Your output should be exactly the lines from the one containing "27124 Regal Scott Drive - Photo Thumbnail 11" through the final line of the following data, please, with no pictures.
(MATERIAL SHOWN)
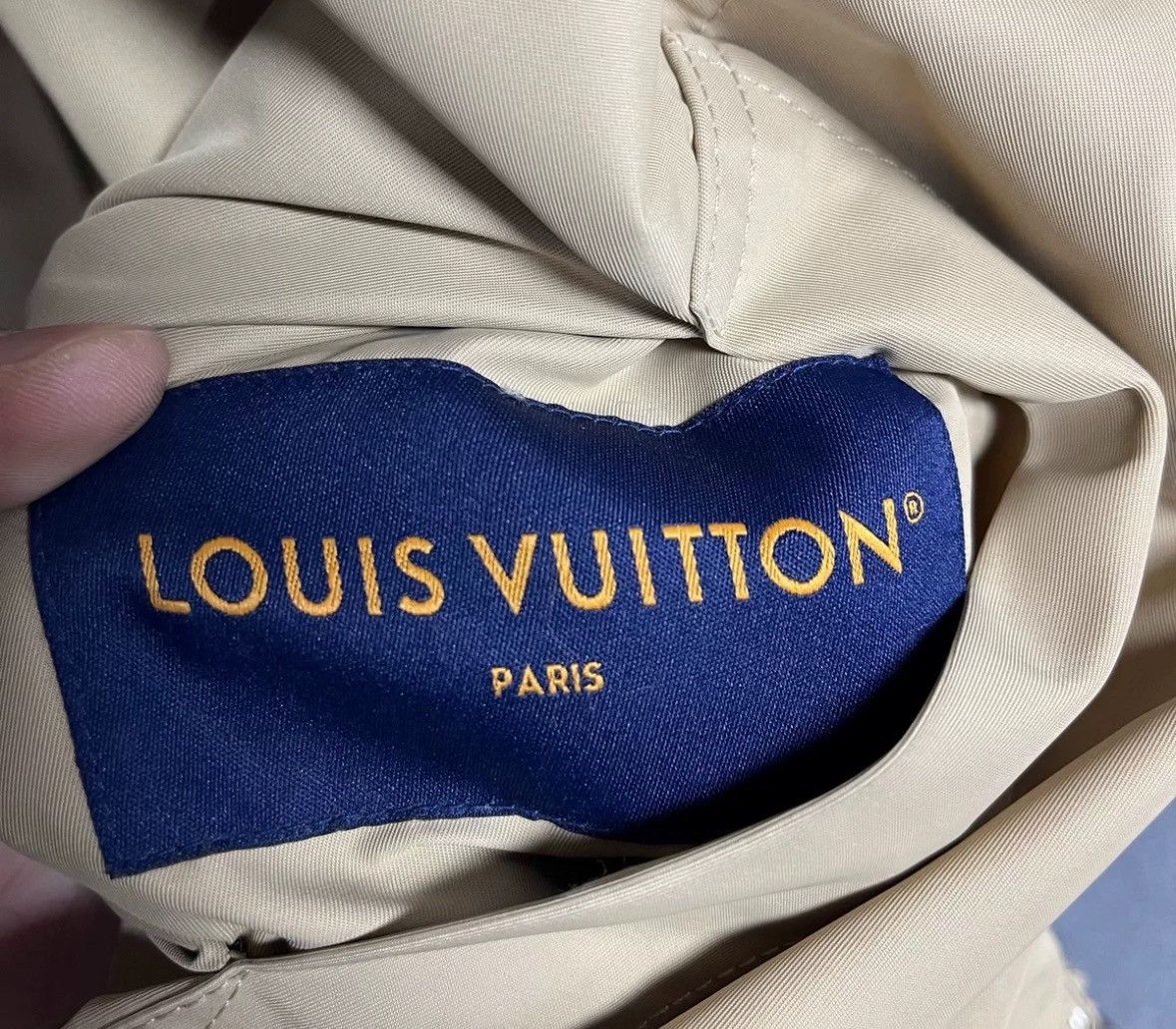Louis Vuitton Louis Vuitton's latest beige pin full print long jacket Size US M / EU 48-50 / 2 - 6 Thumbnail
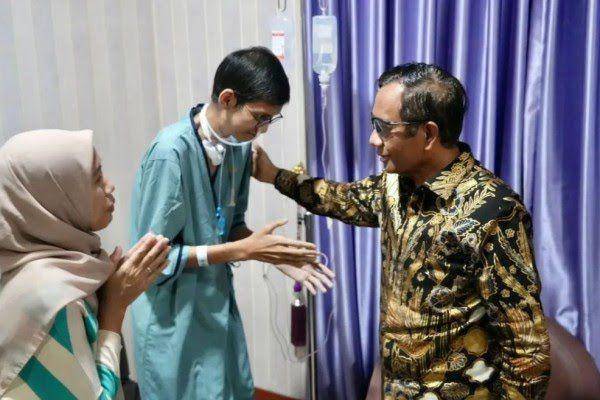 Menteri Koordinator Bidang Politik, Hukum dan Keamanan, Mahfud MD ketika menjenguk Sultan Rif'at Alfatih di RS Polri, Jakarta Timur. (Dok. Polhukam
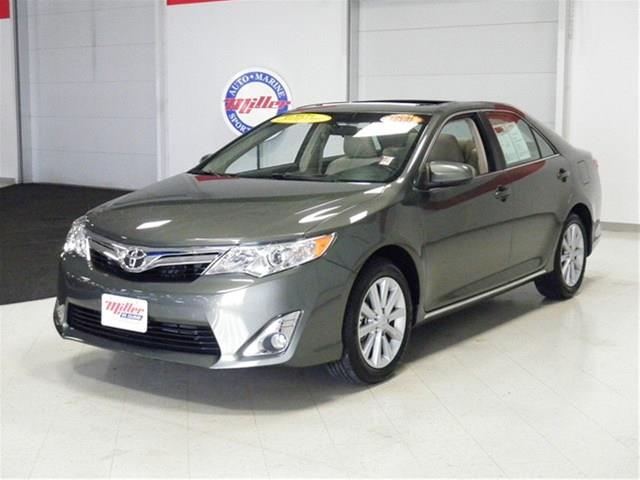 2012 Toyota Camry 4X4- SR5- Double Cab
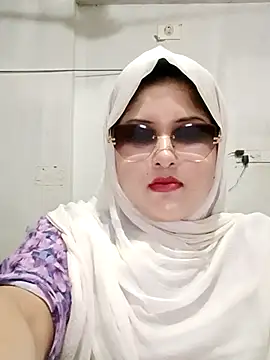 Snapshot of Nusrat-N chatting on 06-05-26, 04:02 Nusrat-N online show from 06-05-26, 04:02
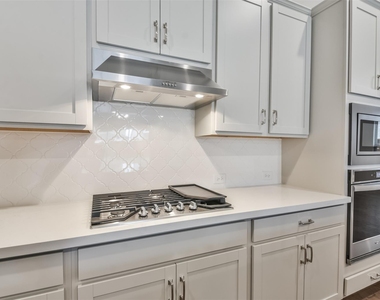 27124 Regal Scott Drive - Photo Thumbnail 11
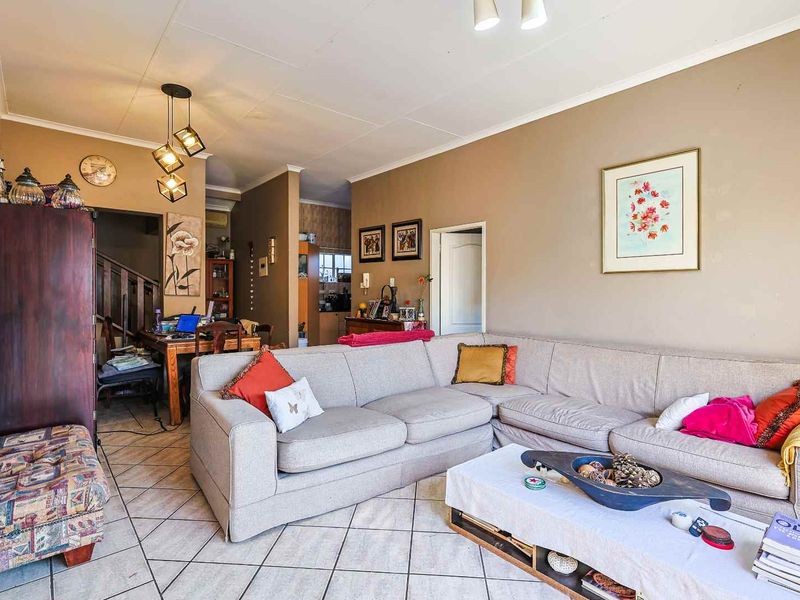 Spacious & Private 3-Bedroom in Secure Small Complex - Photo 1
(End MATERIAL SHOWN)
* FINISHED EXERCISE *
 27124 Regal Scott Drive - Photo Thumbnail 11
 Spacious & Private 3-Bedroom in Secure Small Complex - Photo 1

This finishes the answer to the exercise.